Recorded data:

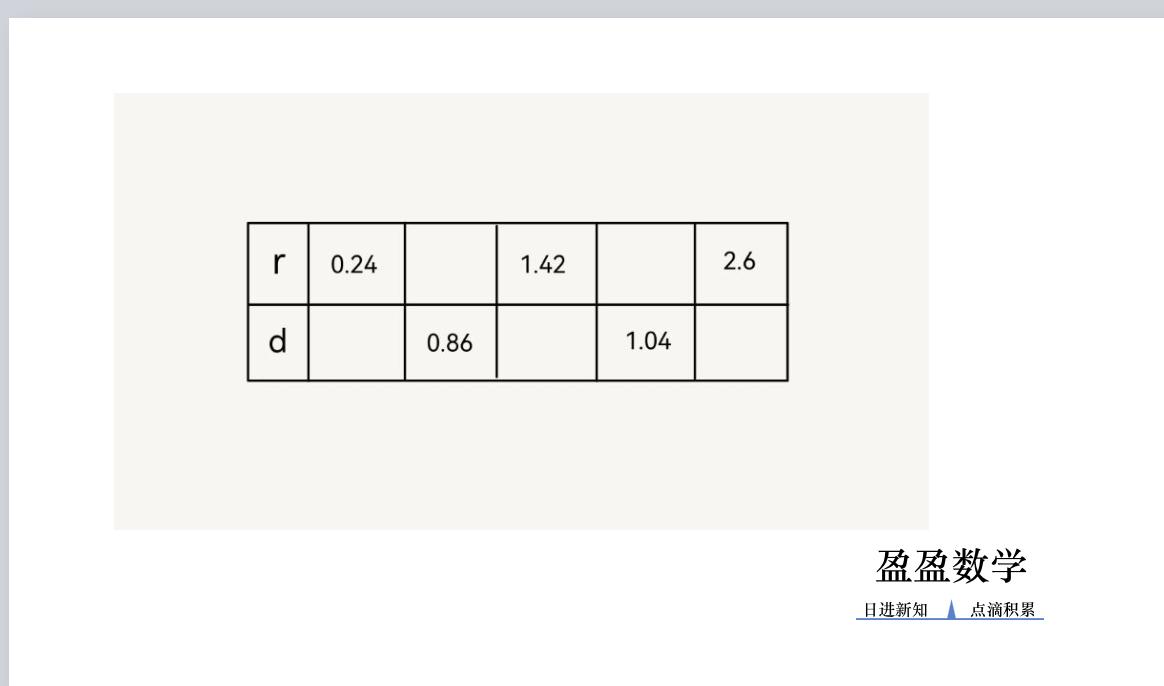 六年级上册第五单元圆的思维导图,六年级第五单元圆的认识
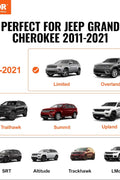 VEVOR roof rack crossbars for Jeep Grand Cherokee 2011 to 2021 with grooved rails
Black aluminum cross bars for rooftop cargo, kayak, luggage transport
Easy-install Jeep Grand Cherokee roof rack bars with locking system
Side view of mounted aerodynamic roof rack for Cherokee models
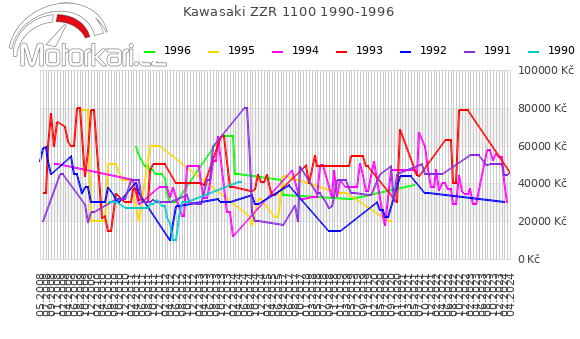 Kawasaki ZZR 1100 1990-1996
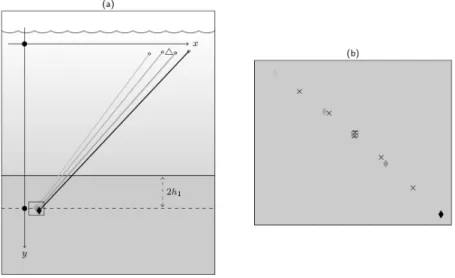 Figure 3: (a) Location of the equivalent source images relative to different hydrophone positions, with median position labeled by the triangle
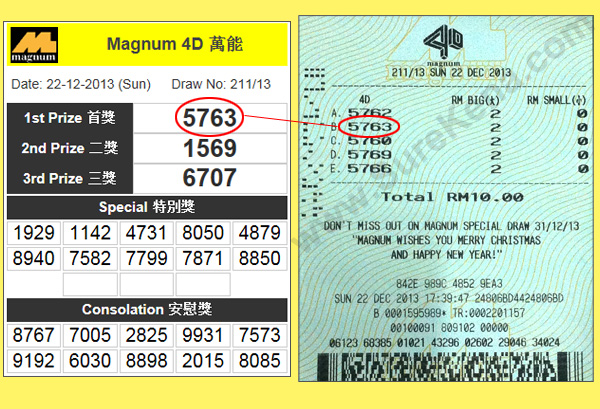 Magnum 4D Result - 22 December 2013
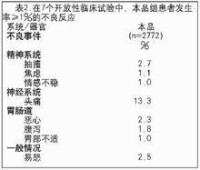 鹽酸哌甲酯控釋片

- THE PROBLEM: In the records above, find the line that contains "VEVOR roof rack" and repeat exactly that line and all lines after it to the end. Do not include pictures.

- RESPONSE TO THIS EXERCISE:
 VEVOR roof rack crossbars for Jeep Grand Cherokee 2011 to 2021 with grooved rails
Black aluminum cross bars for rooftop cargo, kayak, luggage transport
Easy-install Jeep Grand Cherokee roof rack bars with locking system
Side view of mounted aerodynamic roof rack for Cherokee models
 Kawasaki ZZR 1100 1990-1996
 Figure 3: (a) Location of the equivalent source images relative to different hydrophone positions, with median position labeled by the triangle
 Magnum 4D Result - 22 December 2013
 鹽酸哌甲酯控釋片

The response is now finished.